I visited San Francisco once when I was ten years old. My only memory is of very tangled traffic intersections and a weird variety of mayonnaise on the sandwiches my parents gave us for the journey that caused my younger sister to throw up on me while I was asleep.
Happily, this visit began in less traumatic fashion. Americans have the kind habit of numbering their streets and only building on exact right angled grids with the consequence that you can find your way without much struggle. (Though the generation Yers are still glued to their phones)
If you are looking at this for any sort of touristic perspective, I'm afraid I will disappoint. I was combining my trip with hustle on work opportunities and the slightly crazy opening gambit of a new romance that involved levels of proximity that married couples would balk at - weirdest 13 day first date ever.
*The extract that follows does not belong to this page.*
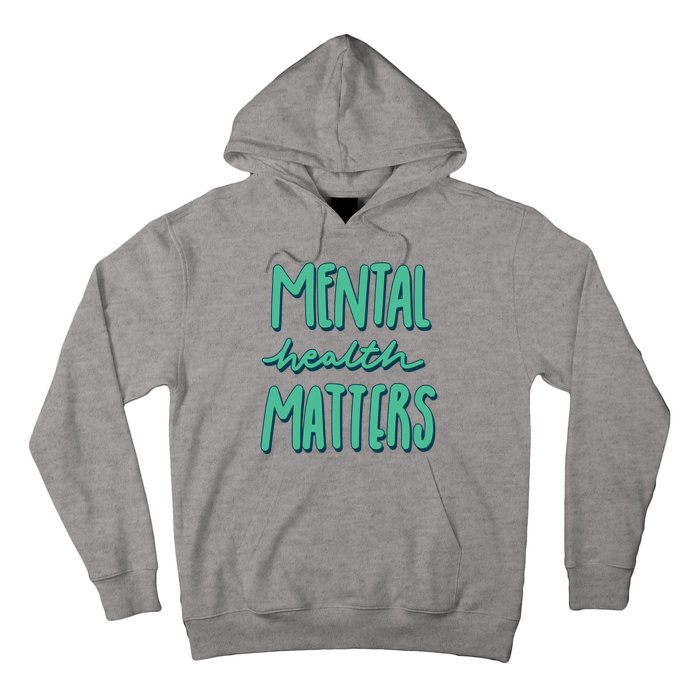 Mental Health Matters Awareness Month Hoodie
So, as far as touristic activities, I achieved the following:
1. Saw the golden gate bridge... vaguely... in the distance, and to be honest it could have been anything as it was really cloudy.
2. Ate Brussel Sprouts as a snack in a pretentious bar. Apparently, after having flown for 14 hours and with a solid nine hours of Jetlag, the thing your stomach wants most of all is brussel sprouts as a bar snack. Note, this was a reflection, both on any city that would offer that as an option and also the person that thought this was a good idea.
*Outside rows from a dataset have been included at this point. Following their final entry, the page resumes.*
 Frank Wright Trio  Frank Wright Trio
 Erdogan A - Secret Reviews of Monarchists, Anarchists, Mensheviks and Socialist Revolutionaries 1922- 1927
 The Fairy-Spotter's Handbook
Having said that... The sprouts were really good. I'm not sure, but I could have become a person who finds this manner of deployment of sprouts acceptable. Time will tell.
2A. Watched an Asian tourist eat a hamburger that was actually two sugar doughnuts either side of the meat. Admittedly, she only licked the outside of it with her flickering reptilian tongue then spent 20 minutes photographing it for instagram but the whole thing was still a horrifying experience.
3. Went to the Apple Store. Because my computer died. They didn't fix it, and they made me feel untechnical and slightly like a failure as a human being. Pretty similar experience in the UK only the person in the Red Shirt doesn't even bother with pretending they find your IT jokes funny.
4. Walked down the Zig Zag street. It's a Zig Zag and a street, on a mad hill. Unfortunately, the person I was with really needed the bathroom so she was already zigzagging before we even got to the street which rather took away the suspense but greatly increased the comic value of the activity.
5. Tried to break into the YMCA to use their tennis court: This needs no explanation, I will try to do this wherever I travel.
6. Went to find an alternate court and almost got eaten by rats... Well actually only one rat, and he didn't make any sudden moves because he saw we had tennis rackets. Increased feelings of bitterness towards the YMCA as their court was more than likely rat-free. The Village People lied to me. I was 'in a new town' and I still feel like I'm young.
7. Rode with libertarian UBER drivers and listened to their views whilst trying not to engage in any form of intellectual discourse they might find threatening... in case they shot me... as is their right to do as a technical stranger in their property. (I really hope that's not true...)
8. Went to a non decadent Facebook party. They hired out a whole American Football stadium, filled it with food, alcohol and music and about 8000 of their employees. It was widely agreed to be a terrible party, though I did queue for an hour to bounce in a giant snow globe. At 33 I thought the chance might have gone to achieve this.
It should be added that I was so well looked after in SF that I had to do very little thinking for myself. As a consequence, I went to many nice places that blurred into a general feeling of bonhomie because I didn't need to further engage with where I actually was or why. In short, a beautiful girl spoiled me completely.